Take a look at the odds currently being offered on the Labour leadership election and no one would blame you for seeing the incumbent's, Jeremy Corbyn, reelection by the 500,000-strong membership as anything but a foregone conclusion. Indeed this is how those on the political scene are treating the contest. Ladbrokes are offering a generous 1/8 on Corbyn whilst William Hill is taking no chances with 1/11 reflecting the absolute confidence with which many expect Corbyn to claim victory.
His rival, Welsh MP Owen Smith, has so far refused to rule out an official split in the Labour Party reminiscent of the late 1970s when staunch socialist Michael Foot was elected as leader of the party and the more moderate factions of the party broke away to form the Social Democrats. The Independent reported at the end of July that a group of rebel MPs were planning to mount a legal challenge to the Labour Party which, if successful, would see the assets of the Labour Party transferred over to the 'new party' in question. But of all the problems that would arise from a formal or informal split in the party, the legal quibbles will prove to be only half the problem.
The EU referendum and the consequent vote for Brexit shone a spotlight on the deep regional divisions that have been widening in the Labour Party not only since Tony Blair's unveiling of the electorally palatable 'New Labour' in the early 1990s but since the development of a sizable, socialist, middle class segment of the electorate in Middle England and London itself that is not only dissimilar in its values to those of the 'Old Labour' vote but outright alien to them.
Take immigration. Take globalisation. They are two issues high on the agenda but on which the middle class and working class Labour voters differ fundamentally on, with the middle class voters embracing the concept of freedom of movement, multiculturalism and a global economy whilst working class voters in areas that have fallen victim to deindustrialisation see themselves as having lost traditional jobs to the developing world and being the victims of mass immigration and its alleged impact, such as wage depression, housing shortages and long waiting times at the doctor's.
Yet the one figure in the Labour Party these two factions have in common is Jeremy Corbyn; albeit for different reasons. Corbyn's progressive stance on social issues sells him well to 'Middle Labour', if you like, yet his skepticism of globalisation and his quiet but evident eurosceptic inclinations mean he appeals to the working class Labour vote. Regardless of whether the Labour Party splits following his likely reelection next month, the veteran activist and MP will be left with an impossible task of juggling the conflicting views of Labour supporters and maintaining his support amongst the predominantly young and progressive grassroots of the party reflected by the likes of Momentum whilst simultaneously attempting to reach out to the disenfranchised Labour voters of the Red Heartlands in order to prevent a UK Independence Party (UKIP) insurgency there in future local elections and, crucially, in 2020.

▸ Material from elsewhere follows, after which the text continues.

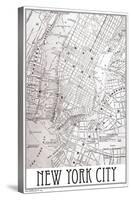 New York Map-Trends International-Stretched Canvas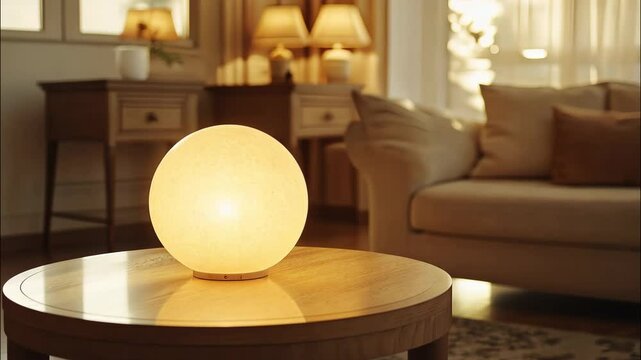 Cozy living room interior with glowing lamp and elegant furniture creating a soft and peaceful ambiance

Corbyn's juggling act has already begun, with him alluding to his support for some level of control on migration, presumably in an attempt to appeal to the Old Labour vote, a fortnight ago in the first televised debate with Owen Smith but simultaneously calling for Britain's nuclear deterrent to be scrapped, a policy present in Labour's 1983 general election manifesto which appeals to the progressives of the party but strikes the more traditionally minded voters of the Labour working class as absurd. At the time of it's publication a Labour MP referred to it as 'the longest suicide note in history', and the subsequent wiping out of Labour proved him to be correct.
It is quite clear that whether a split occurs or not next month, Corbyn's election won't solve the disconnect Labour suffers with its voters and may ultimately prove to bring the party's factions into direct conflict not seen for over three decades. Instead of settling the matter of the direction of the party for the foreseeable future, this leadership election may well be only the beginning of months, if not years, of internal grappling in the Labour Party.